Reputation: 8877

Issue in index upgrading eXist-db version 2 to 4.5

I am in process of upgrading and testing a large installation and have hit one issue I cannot understand. I have a large collection of documents in which my index is created as follows:

<collection xmlns="http://exist-db.org/collection-config/1.0">
    <index xmlns:mods="http://www.loc.gov/mods/v3" xmlns:xlink="http://www.w3.org/1999/xlink">
        <fulltext default="none" attributes="false"/>
        <lucene>
            <analyzer class="org.apache.lucene.analysis.standard.StandardAnalyzer">
                <param name="stopwords" type="org.apache.lucene.analysis.util.CharArraySet"/>
            </analyzer>
            <analyzer id="ws" class="org.apache.lucene.analysis.WhitespaceAnalyzer"/>
            <text qname="p"/>
            <text qname="li"/>
            <text qname="h1"/>
            <text qname="h2"/>
            <text qname="h3"/>
        </lucene>
    </index>
</collection>

In my version 2 installation this works perfect. A query returns only element in the list (p, li, h1, h2, h3). It also only returns those elements with the text in the element (as expected). The search function is:

declare function ls:ls($collection as xs:string, $phrase as xs:string) as element()* {
    for $hit in collection(xmldb:encode-uri($collection))//*[ft:query(.,
        <query>
            <phrase>{$phrase}</phrase>
        </query>
        )]
        order by $hit/ancestor::div[@class='content']/@doc/string()
        return 
            <tr>
                <td>
                    {$hit/ancestor::div[@class='content']/@doc/string()}
                </td>
                <td>
                    {$hit/ancestor::div[@class='content']/@title/string()}
                </td>
                <td>
                    {local-name($hit)}
                </td>
                <td class="hit_text">
                    {normalize-space($hit)}
                </td>
            </tr>
};

Just to see the result, here's a snapshot of the web page results:

Of course this is not showing all the results, but trust me ... it is only returning the named elements and only those with "heart" in them.

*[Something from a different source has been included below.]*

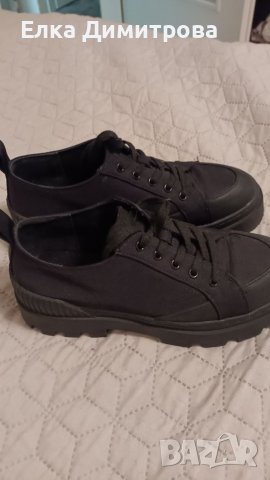 Обувки reserved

After export/import of the content to the new version 4 installation most everything else is working perfect. However, even after reindexing the content the exact same xQuery returns unwanted higher level elements (like div) and also returns elements which do not contain the search phrase.

For example, this exact same query shows this result:

Now, oddly enough, if I change the function to remove the wildcard and go only after "h1" (or any other of the named elements), it works:

for $hit in collection(xmldb:encode-uri($collection))//h1[ft:query(.,

Yields:

You can see that unlike the previous example, the h1 without "heart" is not returned.

What did I miss in my upgrade? is there some change to Lucene I missed or do not understand?

Update

As a hack (IMHO), this works:

let $targets := collection(xmldb:encode-uri($collection))//*[local-name(.) = 'p' or local-name(.) = 'h1' or local-name(.) = 'h2' or local-name(.) = 'h3' or local-name(.) = 'li']
    for $hit in $targets[ft:query(.,
        <query>
            <phrase>{$phrase}</phrase>
        </query>
        )]

But if I remove creating the nodeset $targets and put the collection() in the "for" then it does not work.

Update II

There must be something wrong (as in the full text is not enabled or running or ?) because running a similar query in both takes way longer in the new, updated server.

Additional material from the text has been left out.